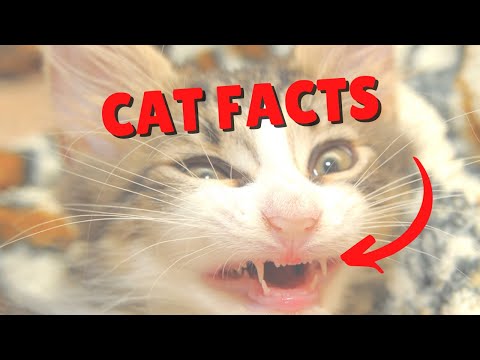 Cat Teeth Facts | Two Crazy Cat Ladies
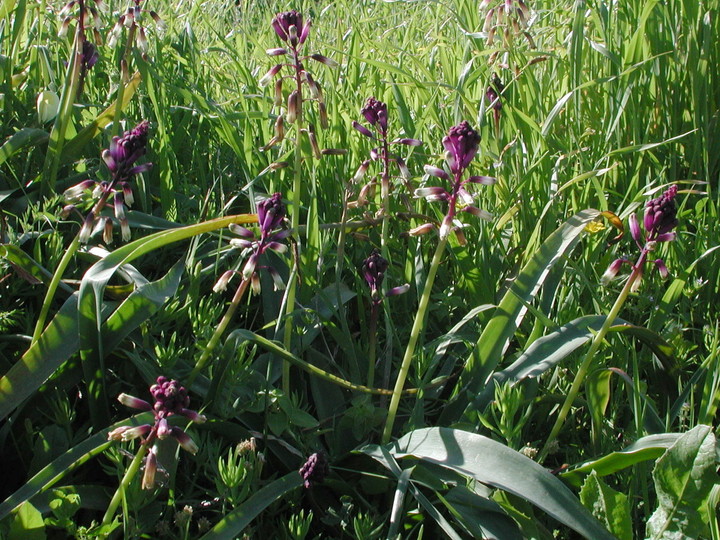 Bellevalia trifoliata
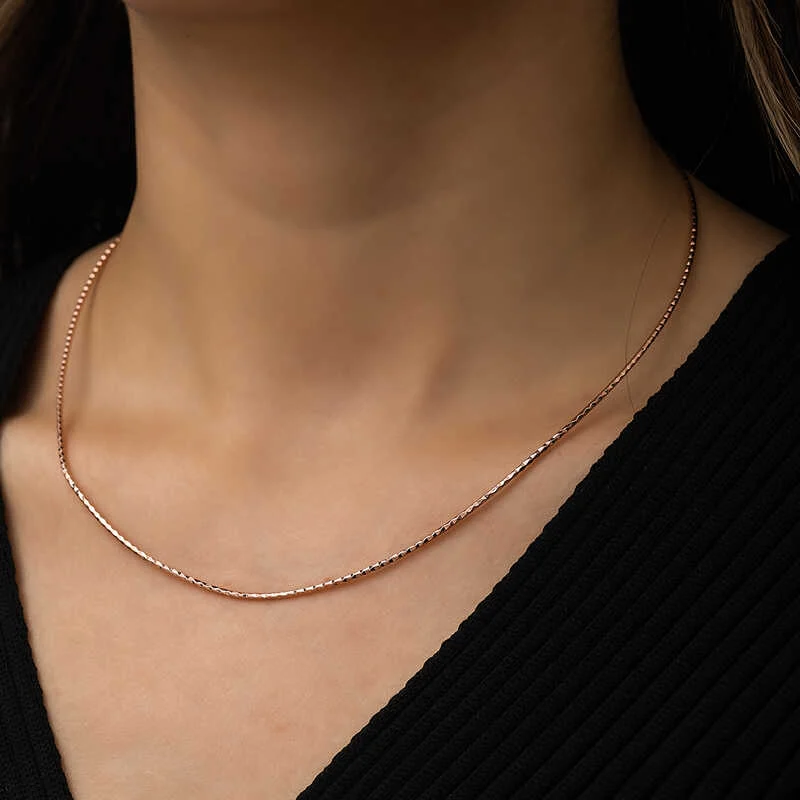 Gümüş Omega Choker Zincir - Görsel 3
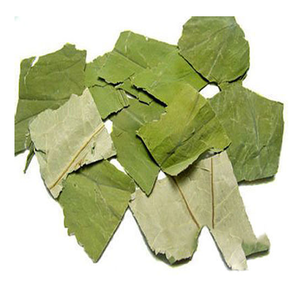 Feuilles de lotus entières séchées avec des pièces décoratives dans une grande peinture - Matériaux naturels vietnamiens - Product Image 3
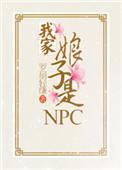 我家娘子是npc全息
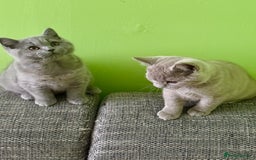 British Shorthair cats for sale: Beautiful British Shorthair kittens - Image 4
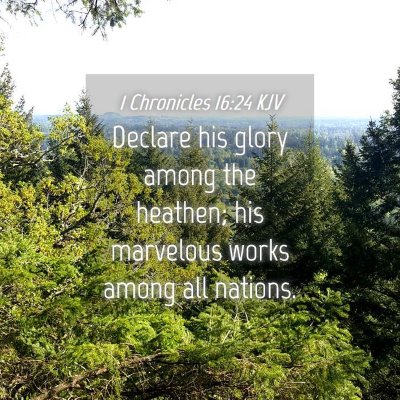 Picture 04 - 1 Chronicles 16:24 KJV - Declare his glory among the heathen; his - Bible Verse Picture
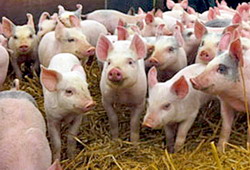 Cresterea porcilor
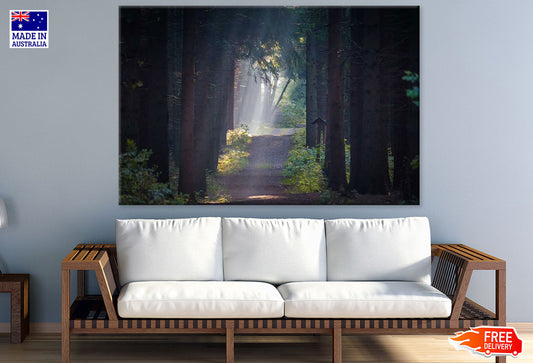 Road in Huge Tree Forest Photograph Print 100% Australian Made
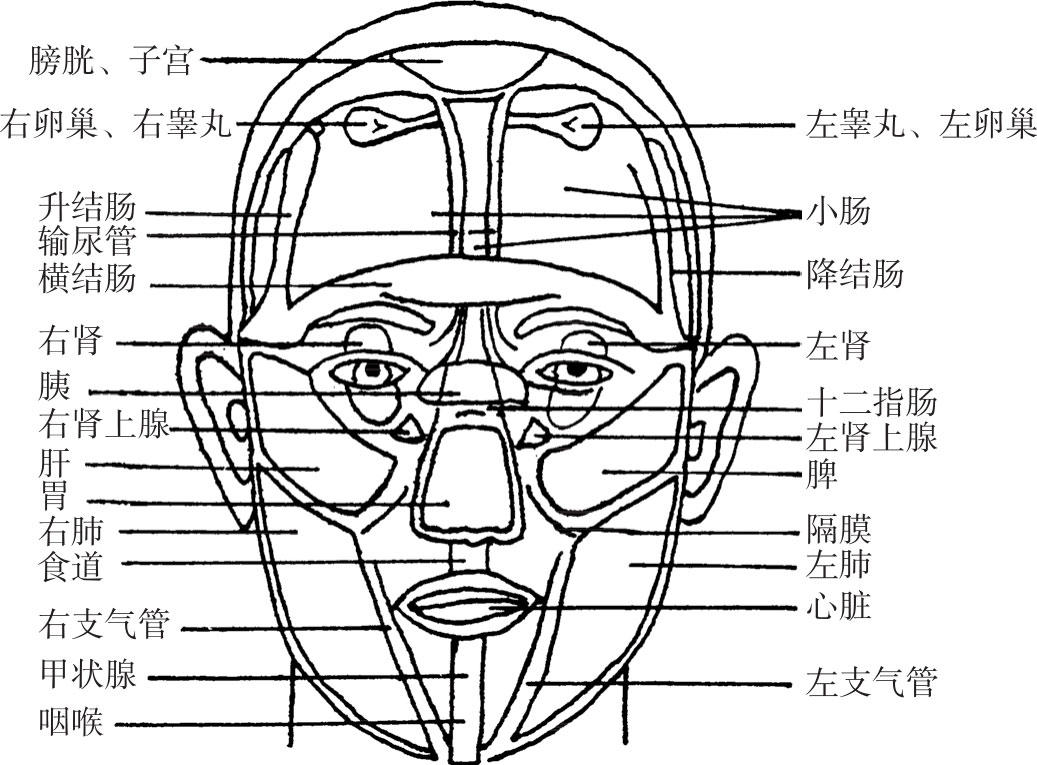 图1-9 面部望诊分属部位图(哥伦比亚)              〔27〕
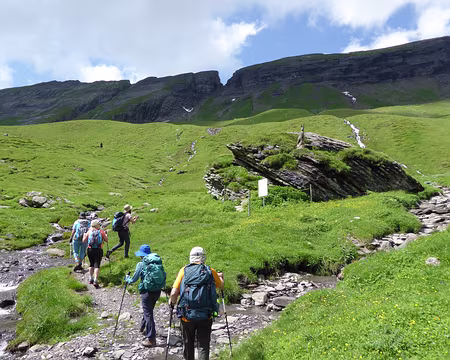 012 Ce chamois est statufié !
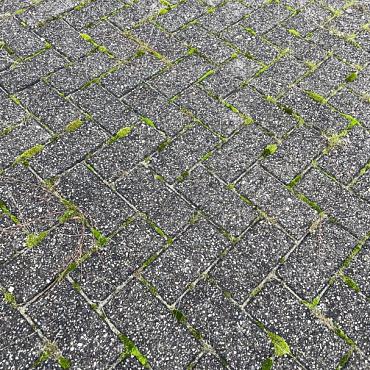 Gebruikte Betonklinkers, Grijs 8cm, werk Zwolle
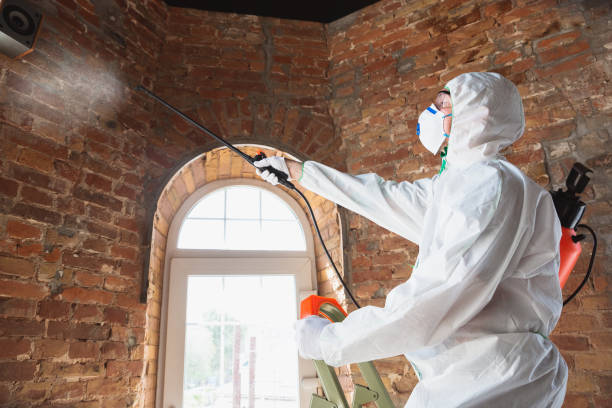 Why You Should Choose Our Mold Remediation Services in Decatur, TN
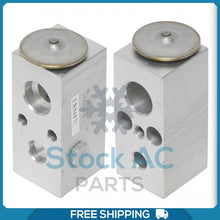 Load image into Gallery viewer, A/C Expansion Valve for Dodge B150, B1500, B250, B350, D150, D250, D350, D... QR - Qualy Air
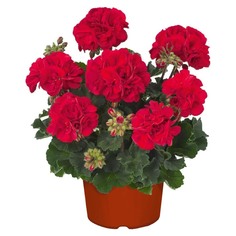 Пеларгония БГРД тренд ред с1/22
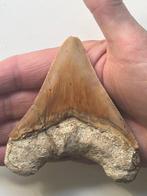 Hamerhaai-tand 10,2 cm - Fossiele tand - Carcharocles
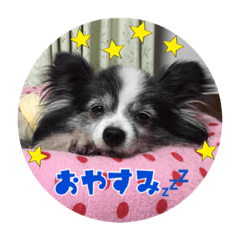 [LINEスタンプ] ぱぴこ＆ぽっきー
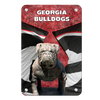 Georgia Bulldogs - Georgia Bulldogs - College Wall Art #Metal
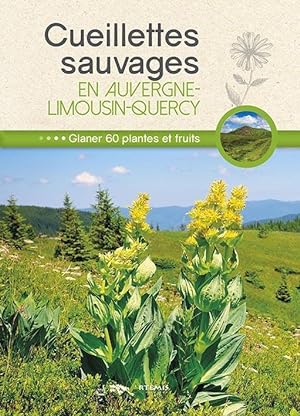 cueillettes sauvages en Auvergne-Limousin-Quercy ; glaner 60 plantes et fruits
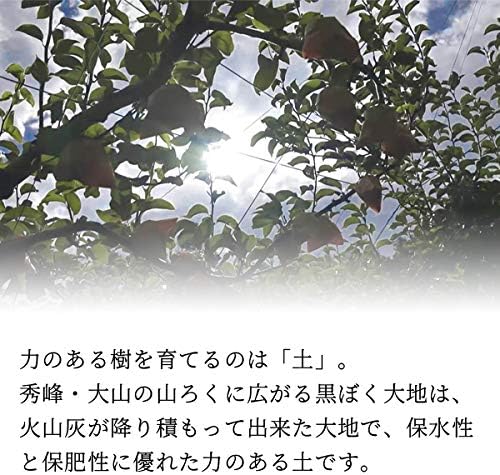 Hirooka Farm Shinkansen (Shinkansen), 11.0 lbs (5 kg) Pack (7 - 16 Balls), Tottori Prefecture Pear None, Shin-Kansen Pear Akahide (For Gift)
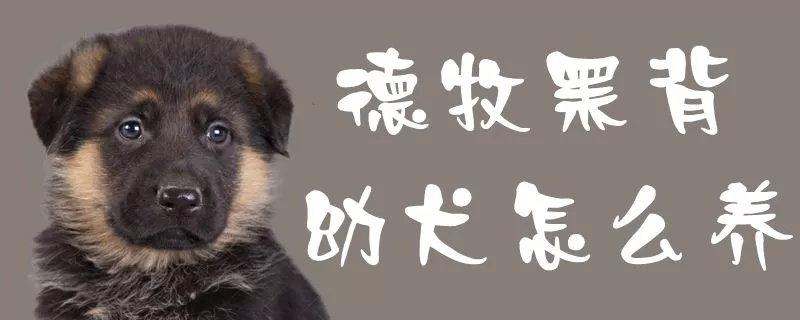 德牧黑背幼犬怎么养1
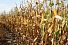 Семена кукурузы Woodstock KFT ТК 195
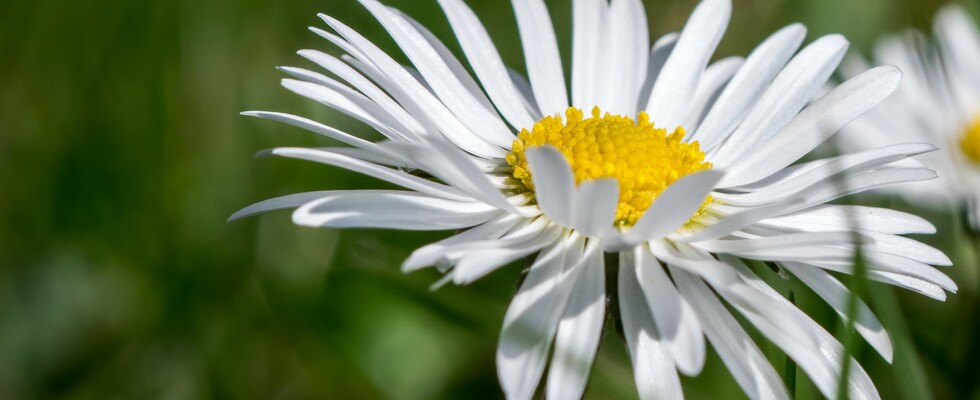 Energetik mit Prisca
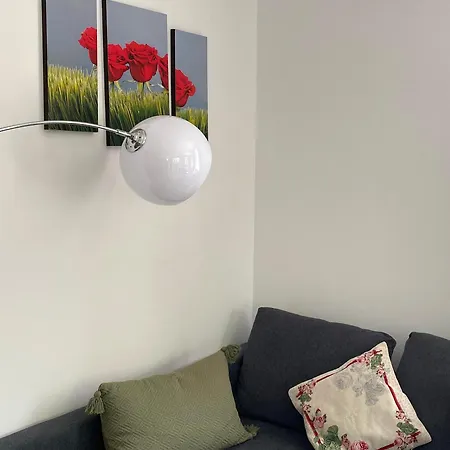 Four Flowers * Siófok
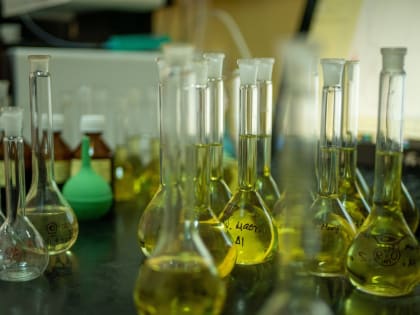 В СамГМУ в рамках импортозамещения разрабатывают противотревожный препарат для перенесших постковидный синдром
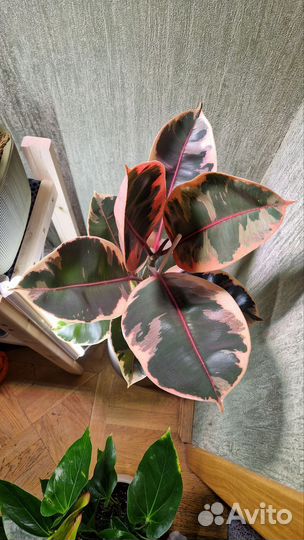 Фикус каучуконосный белиз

•••

Word for word, give the entries back in full; the pictures do not belong in the copy.

 Cat Teeth Facts | Two Crazy Cat Ladies
 Bellevalia trifoliata
 Gümüş Omega Choker Zincir - Görsel 3
 Feuilles de lotus entières séchées avec des pièces décoratives dans une grande peinture - Matériaux naturels vietnamiens - Product Image 3
 我家娘子是npc全息
 British Shorthair cats for sale: Beautiful British Shorthair kittens - Image 4
 Picture 04 - 1 Chronicles 16:24 KJV - Declare his glory among the heathen; his - Bible Verse Picture
 Cresterea porcilor
 Road in Huge Tree Forest Photograph Print 100% Australian Made
 图1-9 面部望诊分属部位图(哥伦比亚)              〔27〕
 012 Ce chamois est statufié !
 Gebruikte Betonklinkers, Grijs 8cm, werk Zwolle
 Why You Should Choose Our Mold Remediation Services in Decatur, TN
 Load image into Gallery viewer, A/C Expansion Valve for Dodge B150, B1500, B250, B350, D150, D250, D350, D... QR - Qualy Air
 Пеларгония БГРД тренд ред с1/22
 Hamerhaai-tand 10,2 cm - Fossiele tand - Carcharocles
 [LINEスタンプ] ぱぴこ＆ぽっきー
 Georgia Bulldogs - Georgia Bulldogs - College Wall Art #Metal
 cueillettes sauvages en Auvergne-Limousin-Quercy ; glaner 60 plantes et fruits
 Hirooka Farm Shinkansen (Shinkansen), 11.0 lbs (5 kg) Pack (7 - 16 Balls), Tottori Prefecture Pear None, Shin-Kansen Pear Akahide (For Gift)
 德牧黑背幼犬怎么养1
 Семена кукурузы Woodstock KFT ТК 195
 Energetik mit Prisca
 Four Flowers * Siófok
 В СамГМУ в рамках импортозамещения разрабатывают противотревожный препарат для перенесших постковидный синдром
 Фикус каучуконосный белиз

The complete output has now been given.